Con
frecuencia he creído entender significados que la perspectiva de los
años me ha mostrado bien distintos. He caído en la cuenta de que la
vivencia propia, en primera persona, arroja una luz a la comprensión
que nadie, salvo ella misma, puede conceder. El tiempo y su
transcurrir, enigmáticamente desigual a lo largo de la vida,
pertenece a estos significados huérfanos de maduración.
Vladimir
Jankélévitch me enseñó que la novedad del instante, bisagra del
presente, construye el fluir temporal humano. Pero ha sido este mismo
fluir el maestro que ha logrado hacerme articular informaciones
prestadas y vivencias propias.
Es
la novedad quien construye mi vida y la hace mía, mi biografía. Mas
toda novedad depende, en primer lugar, de quien la vive, y la vida de
la infancia es tan menesterosa como insaciable de experiencias. Un
torrente casi continuo de novedad nutría mi construcción, y ni
siquiera mis juegos preferidos, mis canciones familiares, o mis
meriendas favoritas, lograban trazar una sombra de monotonía en el
transcurrir de días largos, hechos de instantes fugaces. El tiempo
resultaba, incomprensiblemente, tan grande en la espera de lo
anhelado, como diminuto en las actividades que me ocupaban. Incluso
las horas de hastío (acompañadas de moscas machadianas) eran largas
no por su transcurrir mismo, sino por la tardanza del futuro deseado,
que solía ser -con frecuencia- hacerme mayor.
La
monotonía y el aburrimiento tan sólo han sido posibles al crecer,
cuando por fin me he hecho adulto y he invertido la relación (aún
no se cómo): ahora la sucesión de instantes resulta
insoportablemente alargada, y sin embargo, al mirar atrás, me
sorprenden los años transcurridos. La luz se encendió cuando me
convertí en trabajador, no solo de los meses del verano, sino
continuado, y un día “el calor, el hastío, la fatiga le revelaban
su maldición, la del trabajo estúpido que daba ganas de
llorar, cuya monotonía interminable consigue hacer que los días
sean demasiado largos y la vida demasiado corta.” (Camus: el
tercer hombre).
Me
explico así porqué cuanto más cerca de mi niñez el tiempo se
estiraba, preñado de largas semanas e inmensos años, y cuanto más
próximo a mi adultez (e incluso ya a la vejez) más se me encoge.
El
viajar me lo confirma: cuando viajo a un lugar nuevo, aunque sea tan
sólo por una semana, los días son fugaces, plenos de novedad y
carentes de aburrimiento. Pocos días después del regreso aquella
semana se me antoja un período dilatadísimo, como si el viaje
hubiera durado meses. Sin embargo, si esa misma semana la empleo en
hacer apenas nada, los días monótonos se alargan, empapados de un
tedio taciturno, y cuando vuelvo la vista me parece que comenzó ayer
mismo.
Primo
Levi y Victor Frankl vivieron semanas fugaces compuestas por días
interminables. Cada jornada, monótona, indiferente e indiferenciada,
reducida a continua lucha por la supervivencia, carecía para ellos
de novedad alguna y, en consecuencia, era como si no transcurriese.
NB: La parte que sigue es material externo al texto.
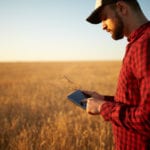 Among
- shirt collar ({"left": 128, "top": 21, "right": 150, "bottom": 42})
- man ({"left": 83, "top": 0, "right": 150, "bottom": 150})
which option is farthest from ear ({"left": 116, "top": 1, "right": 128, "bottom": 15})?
shirt collar ({"left": 128, "top": 21, "right": 150, "bottom": 42})

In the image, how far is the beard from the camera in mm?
2273

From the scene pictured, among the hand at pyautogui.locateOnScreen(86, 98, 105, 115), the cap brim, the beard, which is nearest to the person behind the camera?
the hand at pyautogui.locateOnScreen(86, 98, 105, 115)

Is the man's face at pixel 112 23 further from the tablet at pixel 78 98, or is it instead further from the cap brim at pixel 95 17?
the tablet at pixel 78 98

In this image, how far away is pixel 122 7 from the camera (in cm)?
226

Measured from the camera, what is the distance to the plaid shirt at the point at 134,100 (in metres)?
1.93

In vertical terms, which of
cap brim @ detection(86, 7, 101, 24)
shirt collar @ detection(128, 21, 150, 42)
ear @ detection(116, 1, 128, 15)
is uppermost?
ear @ detection(116, 1, 128, 15)

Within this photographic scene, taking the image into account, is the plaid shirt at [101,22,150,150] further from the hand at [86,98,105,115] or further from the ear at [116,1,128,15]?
the ear at [116,1,128,15]

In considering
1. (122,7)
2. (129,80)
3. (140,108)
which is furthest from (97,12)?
(140,108)

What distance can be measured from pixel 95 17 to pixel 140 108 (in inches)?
33.1

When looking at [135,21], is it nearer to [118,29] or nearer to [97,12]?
[118,29]

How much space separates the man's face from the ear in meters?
0.03

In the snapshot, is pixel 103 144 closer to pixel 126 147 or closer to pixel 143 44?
pixel 126 147

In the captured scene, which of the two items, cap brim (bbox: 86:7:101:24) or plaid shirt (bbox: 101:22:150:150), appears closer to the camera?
plaid shirt (bbox: 101:22:150:150)

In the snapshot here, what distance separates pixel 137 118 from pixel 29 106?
6.87m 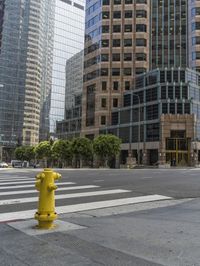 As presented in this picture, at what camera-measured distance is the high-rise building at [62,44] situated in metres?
154

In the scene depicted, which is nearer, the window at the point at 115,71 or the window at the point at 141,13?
the window at the point at 115,71

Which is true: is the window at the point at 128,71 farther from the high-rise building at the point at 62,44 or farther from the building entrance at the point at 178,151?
the high-rise building at the point at 62,44

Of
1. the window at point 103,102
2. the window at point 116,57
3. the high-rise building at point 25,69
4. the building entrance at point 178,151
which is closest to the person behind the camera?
the building entrance at point 178,151

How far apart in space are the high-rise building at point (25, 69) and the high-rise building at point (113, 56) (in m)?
61.3

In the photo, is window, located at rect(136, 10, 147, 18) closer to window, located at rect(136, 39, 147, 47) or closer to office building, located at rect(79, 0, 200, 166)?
office building, located at rect(79, 0, 200, 166)

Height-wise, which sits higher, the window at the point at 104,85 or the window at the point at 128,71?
the window at the point at 128,71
Estas vivencias experimentadas dentro del espacio vacío,
inhabitable, de los campos de exterminio, muestran un helador extremo
del transcurrir temporal: la cristalización del presente, donde ni
siquiera cabe el tedio. Porque la falta completa de futuro no daba
lugar al aburrimiento, sino que dejaba paso, bien a una absoluta
desolación, como sucedía a los “musulmanes”, bien a una
obstinada y mecánica supervivencia.
Me
desazona, sobre todo, barruntar que este extremo puede darse, aunque de
una forma amable, en la vida de cualquiera; en la tuya y en la mía.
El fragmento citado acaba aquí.